L'argent. — L’auteur de ce cahier, — du cahier qui vient, du cahier dont celui-ci n’est que l’avant-propos, — est l’homme à qui je dois le plus. J’étais un petit garçon de huit ans, perdu dans une excellente école primaire, quand M. Naudy fut nommé directeur de l’école normale du Loiret.

Rien n’est mystérieux comme ces sourdes préparations qui attendent l’homme au seuil de toute vie. Tout est joué avant que nous ayons douze ans. Vingt ans, trente ans d’un travail acharné, toute une vie de labeur ne fera pas, ne défera pas ce qui a été fait, ce qui a été défait une fois pour toutes, avant nous, sans nous, pour nous, contre nous.

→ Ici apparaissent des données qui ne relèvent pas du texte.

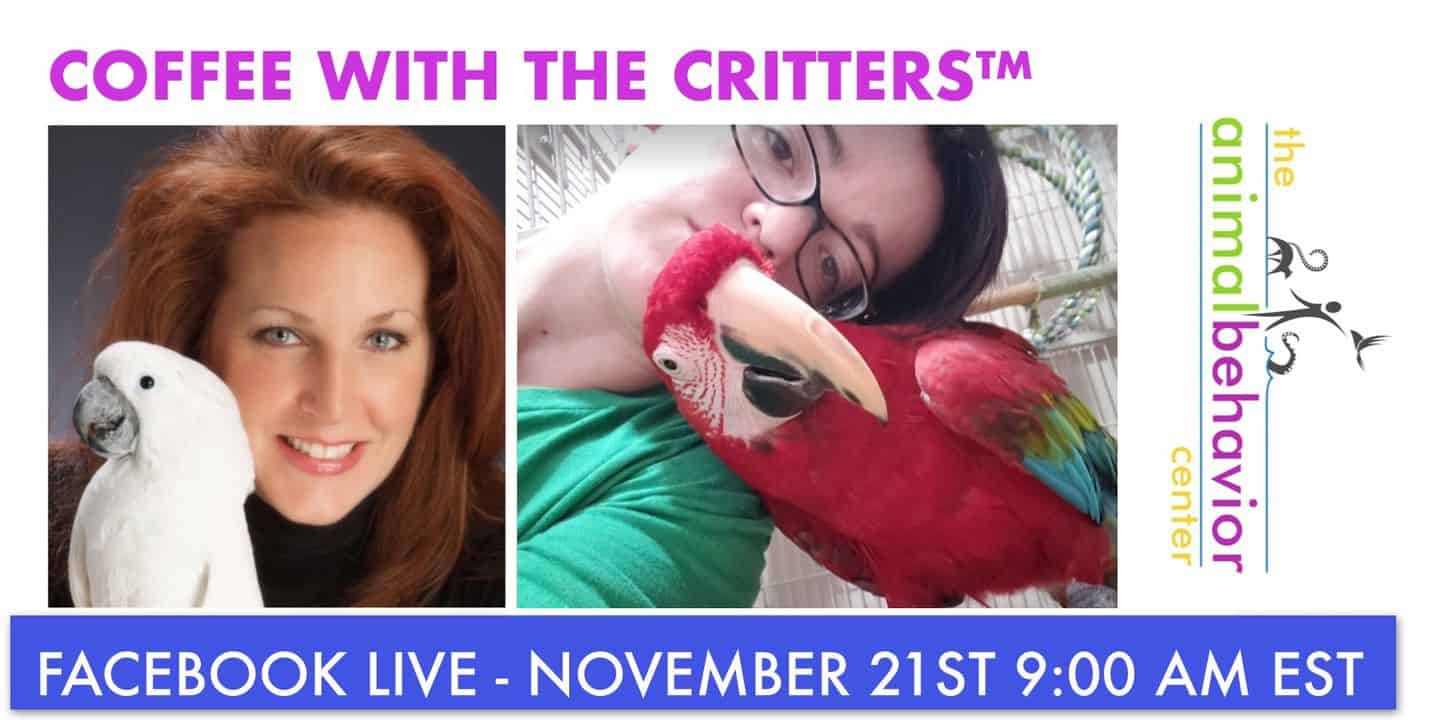 CWTC-lynsie-robbins-graphic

Dans toute vie il y a de ces quelques recroisements, toute vie est commandée par un très petit nombre de ces certains recroisements ; rien ne se fait sans eux ; rien ne se fait que par eux ; et le premier de tous commande tous les autres et directement et par eux tout le reste.

C’était le temps des folies scolaires . Les réactionnaires nommaient folies scolaires , dans ce temps-là, de fort honnêtes constructions, en briques ou en pierres de taille, où on apprenait à lire aux enfants. Ces folies scolaires étaient commises par l'État, par les départements, par les communes ; et quelquefois par un généreux donateur. C’étaient généralement des maisons fort propres, et qui en tout cas valaient beaucoup mieux pour les enfants que la boue du ruisseau. Et que le ruisseau de la rue. Il faut avouer que dans ce temps-là, elles, (ces folies scolaires), avaient en effet l’air un peu insolent. Non point parce qu’elles étaient somptueuses. On mettait ça dans les journaux, qu’elles étaient somptueuses. Elles étaient simplement propres ; et décentes. Mais parce qu’elles étaient un peu trop voyantes. Elles avaient poussé un peu trop partout à la fois. Et peut-être un peu trop vite. On les avait trop mis en même temps. Et celles qu’on voyait, on les voyait trop. Elles étaient trop blanches, trop rouges, trop neuves. Quarante ans sont passés sur ces coins de la terre. Un simple voyage à Orléans vous convaincrait sans peine qu’aujourd’hui tous ces bâtiments scolaires sont comme nous : ils ne sont pas trop voyants.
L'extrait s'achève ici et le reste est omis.